Le changement d’assurance reste toutefois soumis à une règle importante : le nouveau contrat doit respecter l’équivalence des garanties demandée par la banque. Autrement dit, les garanties proposées doivent être au moins équivalentes à celles exigées pour le prêt immobilier. Si cette condition est respectée, la banque ne peut pas refuser le changement uniquement parce que vous choisissez un autre assureur.
Comparer plusieurs contrats peut permettre de réduire une surprime, d’obtenir de meilleures conditions ou de limiter certaines exclusions. Chaque assureur possède sa propre grille d’analyse du risque médical. Une apnée du sommeil bien traitée, suivie régulièrement et sans complication importante peut donc être étudiée différemment selon les compagnies.
Attention toutefois : un nouveau questionnaire médical peut être demandé si votre dossier ne remplit pas les conditions de suppression des formalités médicales prévues par la loi Lemoine. Il est donc important de vérifier le montant assuré, l’âge à la fin du prêt et les garanties souhaitées avant d’engager une nouvelle demande.
Être accompagné pour assurer son prêt avec une apnée du sommeil
L’apnée du sommeil ne bloque pas automatiquement l’accès à l’assurance emprunteur, mais elle peut modifier les conditions proposées selon votre situation médicale. Une acceptation avec surprime, une exclusion de garantie ou un refus peuvent parfois être évités en présentant un dossier complet et en comparant plusieurs assureurs.
Un accompagnement spécialisé permet de mieux préparer votre demande : analyse du questionnaire médical, vérification des garanties exigées par la banque, comparaison des contrats, recherche d’une délégation d’assurance et étude des solutions possibles en cas de risque aggravé de santé. L’objectif est de trouver une assurance de prêt adaptée à votre profil, sans accepter trop vite une surprime excessive ou des exclusions trop pénalisantes.

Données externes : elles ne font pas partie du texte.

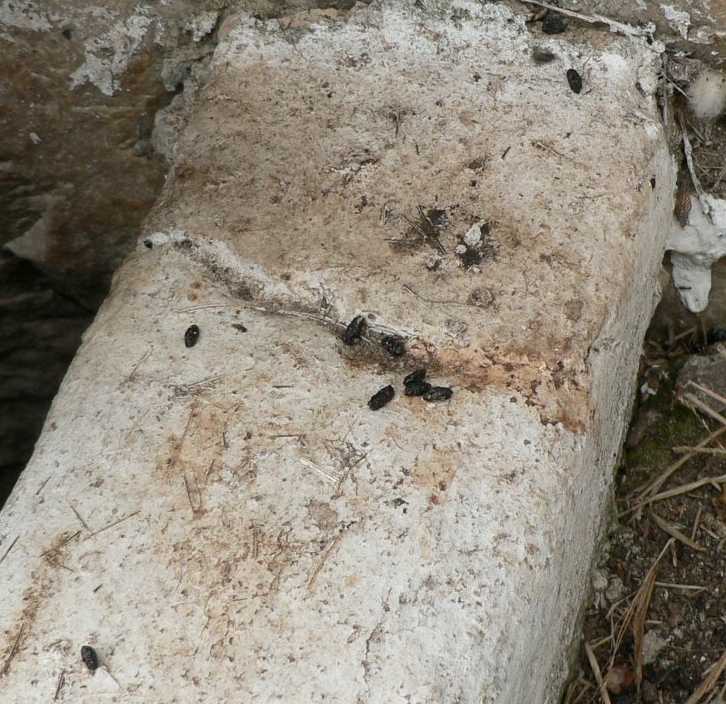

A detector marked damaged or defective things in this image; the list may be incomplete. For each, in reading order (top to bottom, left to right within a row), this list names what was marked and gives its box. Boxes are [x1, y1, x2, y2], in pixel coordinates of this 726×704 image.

peeling white paint [69, 9, 154, 97]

Vous souffrez d’apnée du sommeil et vous souhaitez assurer ou renégocier votre prêt immobilier ? Un courtier peut vous aider à comparer les solutions disponibles et à défendre votre dossier auprès des assureurs.
L’apnée du sommeil doit-elle être déclarée à l’assurance emprunteur ?
Oui, si un questionnaire médical est demandé et que la question concerne les troubles du sommeil, les traitements ou les pathologies suivies, il faut répondre avec exactitude.
Peut-on obtenir une assurance de prêt avec une apnée du sommeil ?
Oui, c’est possible. L’assureur analysera la sévérité de l’apnée, le traitement, le suivi médical et les éventuelles complications.
L’apnée du sommeil entraîne-t-elle toujours une surprime ?
Non. Une surprime peut être appliquée, mais elle dépend du dossier médical, du traitement, des garanties demandées et de la politique de l’assureur.
L’assurance peut-elle refuser un dossier à cause d’une apnée du sommeil ?
Oui, dans certains cas, notamment si l’apnée est sévère, non traitée ou associée à d’autres problèmes de santé importants.
Quels documents fournir pour une apnée du sommeil ?
L’assureur peut demander un compte-rendu de polysomnographie, des informations sur le traitement PPC ou orthèse, le suivi médical et les complications éventuelles.
La loi Lemoine supprime-t-elle le questionnaire médical en cas d’apnée du sommeil ?
Oui, si les conditions sont réunies : part assurée par personne inférieure ou égale à 200 000 € et fin du prêt avant les 60 ans de l’assuré.
Peut-on changer d’assurance si la banque applique une surprime ?
Oui, il est possible de comparer une délégation d’assurance et de changer de contrat, sous réserve d’équivalence des garanties.
L’apnée du sommeil est-elle un risque aggravé de santé ?
Elle peut être considérée comme tel par certains assureurs, surtout lorsqu’elle est sévère, mal contrôlée ou associée à d’autres pathologies.